A fight to the finish?

  • The level of hostility is fearsome

With the opposition preparing for rallies in Multan and Lahore, Prime Minister Imran Khan accompanied by the Punjab Chief Minister and others called upon PML(Q) chief Chaudhry Shujaat Hussain in a bid to pacify the annoyed allies who had skipped Mr Khan’s luncheon earlier this month. A meeting was also held separately between the PM and Ch Shujaat Hussain and Punjab Assembly Speaker Ch Pervez Elahi, indicating that some sort of understanding had been reached between the allies, at least for the time being.

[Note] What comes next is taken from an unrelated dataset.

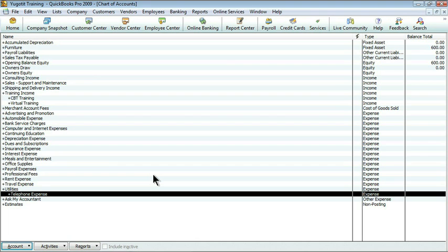On all of our forms, we will see training, income, and utilities as the accounts, not necessarily a number. Turning on account numbers is actually very simple.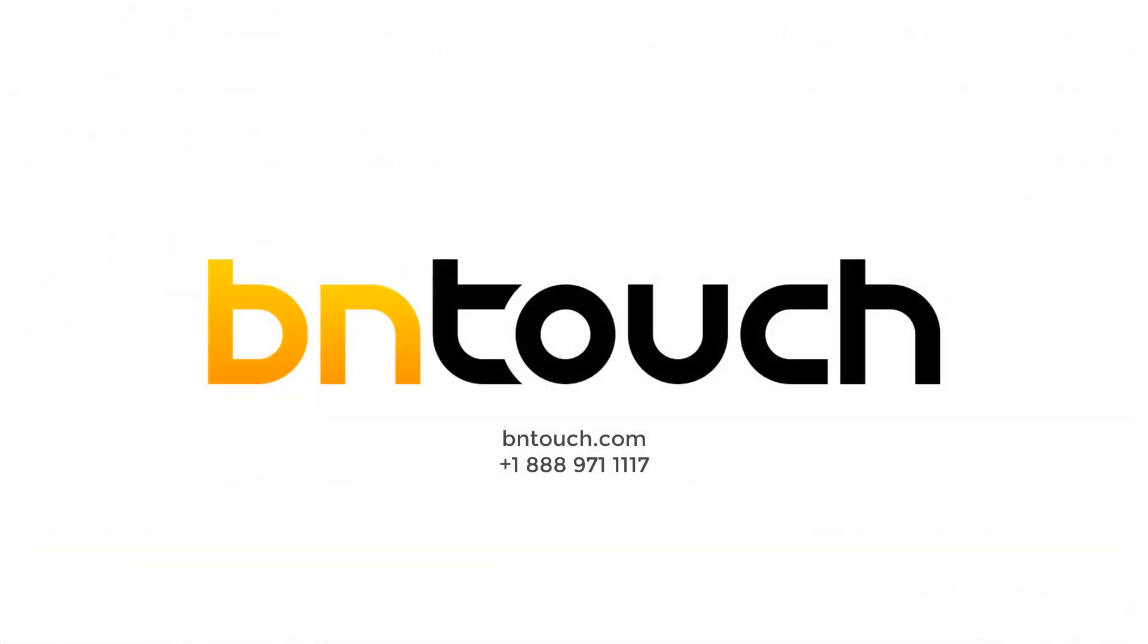Thank you for watching this training video. To learn more about the Be In Touch CRM, please check out our YouTube channel.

At a press briefing in Lahore, Mr Khan dilated on what he considered the successes of his government. The twin deficits created by the previous governments were overcome; the textile industry was running at full throttle and was now facing a shortage of labour; the country’s exports were increasing at a faster pace, leaving India and Bangladesh far behind. Minus paying loans and interest installments, Pakistan’s income had surpassed its expenditures, he claimed, forgetting that the loans accumulated during the last two years exceeded all previous records of any two years. Mr Khan also mentioned the distribution of unprecedented cash assistance among 15 million poor people to save them from hunger.

What irks the people most are rising prices of food items, back breaking utility charges and unemployment. There was bad news for them but this was to be conveyed not by Mr Khan but the Information Minister and the SAPM on Petroleum, who told media that there was soon going to be another increase in utility rates which was to be passed on to the hapless consumers, even when it was caused by the inefficiencies of the distribution companies.

The PM knows the opposition will raise these issues in public meetings. So the opposition is not to be allowed to hold the meetings in Multan and Lahore. Over the last more than two years Mr Khan had enough time to initiate talks with the opposition to evolve a modus vivendi without endangering the system. He wasted the opportunity, sadistically enjoying the suffering of the opposition leaders in NAB custody. Even now he continues with his rhetoric about ‘no NRO’. The situation badly needs to be defused but there is no facilitator or mediator seen to be neutral. Meanwhile, one can only remind the opposition to act responsibly by ensuring that SOPs are followed during its rallies.